Reputation: 10033

Regex matching an optional part of a document?

I have a plain text document that contains varies freeform records that look like one of these two:

Title: Red car
Date: 2021-02-10
    
Description: This car is very red.
It goes very fast.

There are many like it but this one is mine.

Second:

Title: Blue truck
Date: 2021-02-11
    
Description: The truck is blue.
It carries a lot of stuff.

Notes: This one looks damaged.

I'm trying to use a regex in Python3 with named groups to capture the fields. The "Notes" field in optional. The closest I've gotten is:

(?:Description:)(?P<description>.+?)\n\n(?:Notes:)?(?P<notes>.+)?

But it's still capturing text into "notes" even when the word "Notes:" doesn't appear in the document. Any suggestions?

Upvotes: 0

Answers (2)

Reputation: 163217

You could first match description followed by all lines that do not start with Notes or Title. Then optionally match the line with notes.

Description:(?P<description>.+(?:\r?\n(?!(?:Notes|Title):).*)*)(?:\s*\r?\n(?P<notes>Notes:.*))?

The pattern matches:

Description: Match literally
(?P<description> Named group description
- .+(?:\r?\n(?!(?:Notes|Title):).*)* Match all lines that do not start with Notes: and Title:
) Close group
(?: Non capture group
- \s*\r?\n Match optional whitespace chars and a newline
- (?P<notes>Notes:.*) Named group notes, match the whole line
)? Close group and make it optional

Upvotes: 0

Reputation: 720

Because of the regex is greedy, so you need exclude Notes: first, then match next Notes. And the ? operator should only specify once.

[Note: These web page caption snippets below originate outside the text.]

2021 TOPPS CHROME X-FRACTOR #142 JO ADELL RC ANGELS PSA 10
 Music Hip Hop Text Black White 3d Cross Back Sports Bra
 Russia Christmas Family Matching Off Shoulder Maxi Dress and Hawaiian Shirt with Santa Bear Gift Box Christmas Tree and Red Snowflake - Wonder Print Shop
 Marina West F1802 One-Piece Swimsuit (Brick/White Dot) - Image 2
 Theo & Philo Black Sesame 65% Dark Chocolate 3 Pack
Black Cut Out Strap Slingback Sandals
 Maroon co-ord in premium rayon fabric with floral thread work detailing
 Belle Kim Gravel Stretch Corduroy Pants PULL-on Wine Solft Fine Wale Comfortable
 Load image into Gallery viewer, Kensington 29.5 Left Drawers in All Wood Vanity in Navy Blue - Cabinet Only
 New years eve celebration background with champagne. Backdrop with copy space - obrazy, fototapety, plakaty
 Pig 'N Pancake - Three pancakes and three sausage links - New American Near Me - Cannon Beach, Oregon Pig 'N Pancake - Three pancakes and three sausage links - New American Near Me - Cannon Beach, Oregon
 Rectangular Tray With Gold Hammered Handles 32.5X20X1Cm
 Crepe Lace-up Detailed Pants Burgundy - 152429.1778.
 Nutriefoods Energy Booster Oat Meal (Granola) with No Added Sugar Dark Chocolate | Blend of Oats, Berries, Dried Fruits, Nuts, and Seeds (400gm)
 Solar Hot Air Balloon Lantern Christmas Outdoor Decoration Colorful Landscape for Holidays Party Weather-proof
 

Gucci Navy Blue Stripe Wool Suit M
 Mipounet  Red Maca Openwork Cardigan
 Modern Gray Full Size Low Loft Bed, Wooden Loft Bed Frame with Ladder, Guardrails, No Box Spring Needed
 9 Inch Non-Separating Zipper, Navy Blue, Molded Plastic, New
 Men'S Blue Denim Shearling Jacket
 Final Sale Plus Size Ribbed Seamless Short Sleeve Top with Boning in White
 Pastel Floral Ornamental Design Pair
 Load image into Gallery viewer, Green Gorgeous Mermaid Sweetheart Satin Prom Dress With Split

Here's my regex expression:

(?:^Description: (?P<description>(?:(?!^Notes: ).)+))(?:^Notes: (?P<note>.+))?

Please test here:

But, to be honest, I don't suggest you to do it by regex, especially the text file is too large. The matcher will be very slow.

Just use file.readlines and use line.startswith is much better.

Upvotes: 2